Adrian Brookes, solutions strategy and pre-sales director, Infovista

Adrian Brookes, solutions strategy and pre-sales director, Infovista

 

The software defined wide area networking (SD-WAN) industry is learning a thing or two from one of the most neutral and independent nations in the world.

The last few years’ have seen a shift in how we consume Information and Communications Technology. The move has been away from monolithic mainframes in enterprise owned datacentres and towards virtualised, scalable IT delivered from the cloud or through SaaS.

Combined with the vast amount of data that business and consumers both generate, the IT direction of travel has been focused on extending connectivity – both fixed and mobile – with as much performance and bandwidth as possible, and with a very keen eye on security.

When it comes to the WAN, although 20 years old, MPLS is still the preferred choice for many large enterprises. These leased circuits offer predictable and reliable IP transport. However, MPLS circuits that range between $200 to $500 per MB, per month – and more in certain locations - although dropping in cost in recent years’; are still an order of magnitude more expensive than Business Internet services delivered over widespread DSL technologies that have emerged over the last decade.
In an ideal world, enterprises would prefer to move away from MPLS to gain cost savings – or at least supplement these expensive core circuits with lower cost DSL or even mobile 5G technologies without the perceived risk around reliability. The answer for many organisations is the move to SD-WAN, a technology that according to Gartner’s definition “…provides dynamic, policy-based, application path selection across multiple WAN connections and supports service chaining for additional services such as WAN optimisation and firewalls.”

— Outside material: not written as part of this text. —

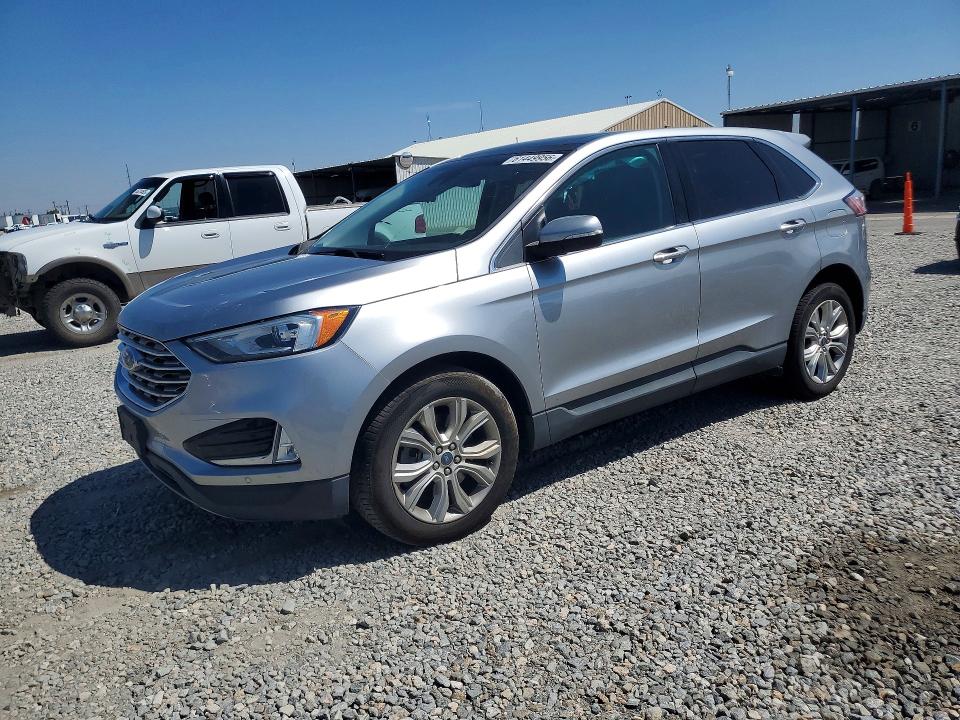 61449956 :رقم المزاد ، 2FMPK4K99MBA26866 vin ، 2021 Ford Edge مزاد بيع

Same destination, different path

Yet SD-WAN is not an industry standard like BGP or ATM, or even Frame Relay, as it’s not a new protocol but instead a new way of approaching the problem. Each vendor’s technology works in a slightly different way, and herein lies the rub. Without arguing over which vendor is better or worse in terms of SD-WAN functionality, key suppliers from the traditional networking ethos require that enterprises using their SD-WAN solution must replace switches and routers with newer models, often as a result of the software upgrades that are necessary to support this new way of working. Even other less prescriptive solutions require extensive reconfiguration of networks but still fail to deliver the granular levels of application control that is one of the essential benefits of SD-WAN.

This is a major issue for very large enterprises with widely distributed sites and disparate functions that tend to have complicated network architectures. Due to organic growth, acquisition and staggered projects, few large networks have the same vendor throughout the entire infrastructure.
As such, SD-WAN projects that use this legacy approach can have roll-outs that last months. Worse still, for 24/7 enterprises that simply can’t accept any WAN downtime – this means complicated workarounds are deployed to build parallel networks while SD-WAN is implemented. Invariably, many fail to grasp the opportunity to re-architect their communication workflows, and instead SD-WAN ends up being just a slight incremental improvement rather than a sea change.

Transparent advantage

In the last year, a new type of SD-WAN technology has emerged that is referred to as ‘hybrid’, ‘transparent’ or even ‘overlay’. These types of SD-WANs do not require the replacement of perfectly good switches and routers and instead work in parallel with existing network elements but without requiring their reconfiguration.
At a technical level, this Transparent Hybrid WAN technology manipulates existing protocol stacks to virtualise the estate to focus on how data flows across the WAN. The technique is relatively new and Infovista and have now deployed the first set of enterprise clients using this technique that typically reduced the implementation time of SD-WAN from multi-month projects to potential weeks.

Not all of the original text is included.